株式明日の戦略-続伸も27500円は超えられず、目先は強弱感が交錯か

 30日の日経平均は続伸。終値は50円高の27433円。米国株高を受けても寄り付きは1桁の上昇。場中はマイナス圏に沈むと下げ渋った一方、上げ幅を広げて27500円に近付くと値を崩し、プラス圏とマイナス圏を行き来した。前場は大半の時間をプラスで推移して高値圏で終了。一方、後場に入るとマイナス圏で推移する時間が長かった。経済界の重鎮や学識者で構成される団体「令和臨調」が、政府・日銀の共同声明の見直しを提言したと伝わり、これを受けて円高が進行。指数もこれに反応して弱含んだ。それでも終盤にかけては盛り返し、プラス転換から上げ幅を拡大。後場の高値圏で取引を終えた。TOPIXはほぼ横ばいながら下落で終えた。

 東証プライムの売買代金は概算で2兆7700億円。業種別では化学、繊維、空運などが上昇している一方、鉄鋼、石油・石炭、鉱業などが下落している。1Qの好決算が評価されたM&A総合研究所<9552.T>が、場中は値が付かずストップ高比例配分。反面、3Qが大幅な減益となった日本M&Aセンターホールディングス<2127.T>はストップ安と、M&A関連2社が明暗分かれる動きを見せた。

 東証プライムの騰落銘柄数は値上がり960/値下がり794。上方修正と1:5の分割を発表したファナックが3.6%高。先週1:5の分割を発表した信越化学が連日の大幅高となり、超値がさ株のSMCに分割を期待した買いが入った。佐川急便の宅配便運賃値上げを決定したSGHDは、通期見通しを下方修正したものの、先の業績改善期待が勝って4%を超える上昇。ヤマトHDや福山通運など同業に連想買いが入った。上方修正を発表したアジアパイルや配当見通しを大幅に引き上げたサンワテクノスが急騰。通期の利益見通し引き上げや増配などを発表したエージーピーがストップ高となった。

 一方、日本製鉄や神戸鋼など先週強かった鉄鋼株が軒並み安。原油安を受けてINPEXが弱く、住友商事や三菱商事など商社株も売りに押された。SHOEIやKOAが決算を受けて大幅下落。下方修正を発表したHCSHDが15%安と急落した。業績相場が本格化する中、直近上場のテクノロジーズが一時ストップ安となるなど大きく値を崩した。

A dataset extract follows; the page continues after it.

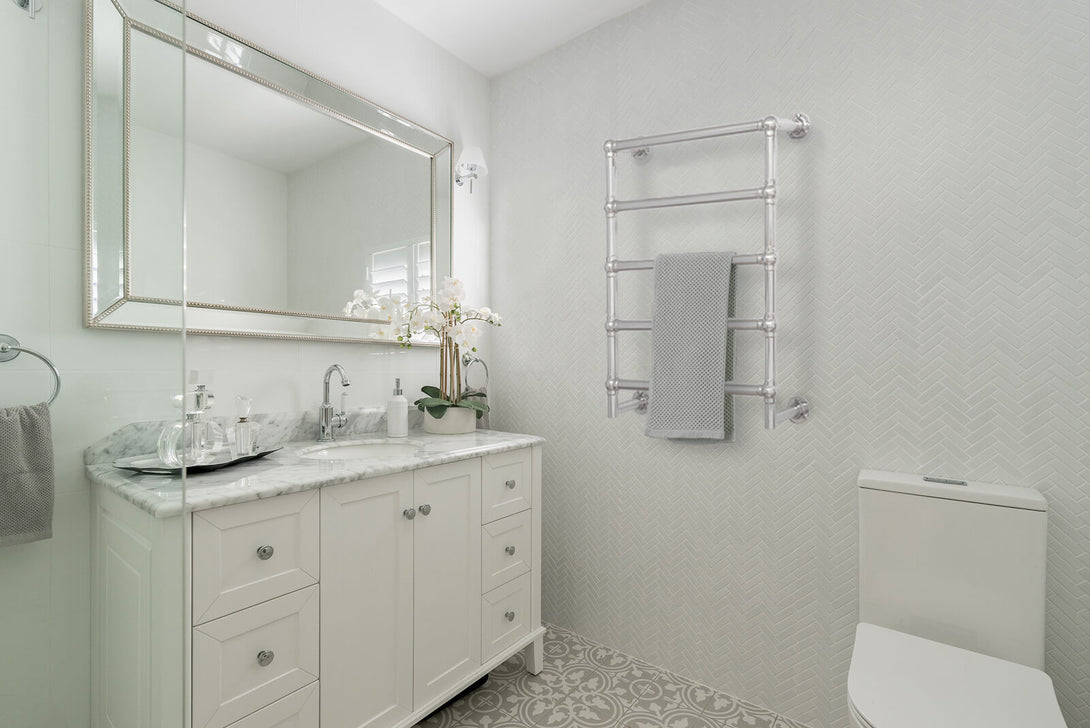 A Mayer Heated Towel Ladder next to a bathroom vanity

 日経平均は続伸したが、高値は27486円まで。1月26日の高値が27502円、27日の高値が27452円で、頭打ち感が台頭している。一方で、後場に売られる場面がありながらしっかりプラスで終えており、下値は堅い。楽観に傾きすぎず、それでいて大崩れもしないというのは、決算銘柄をトレードするには悪くない環境。信越化学やファナックなど主力でも上方修正銘柄が出てきており、業績への過度な懸念は後退している。本日引け後にはOLCが上方修正を発表している。米国ではあすからFOMCが開催される。東京市場で結果を消化するのは木曜2月2日で、目先の指数は手掛けづらさが意識されそう。27500円が壁となって押した場合、75日線(27198円、30日時点)がサポートとして機能するかどうかが注目点となる。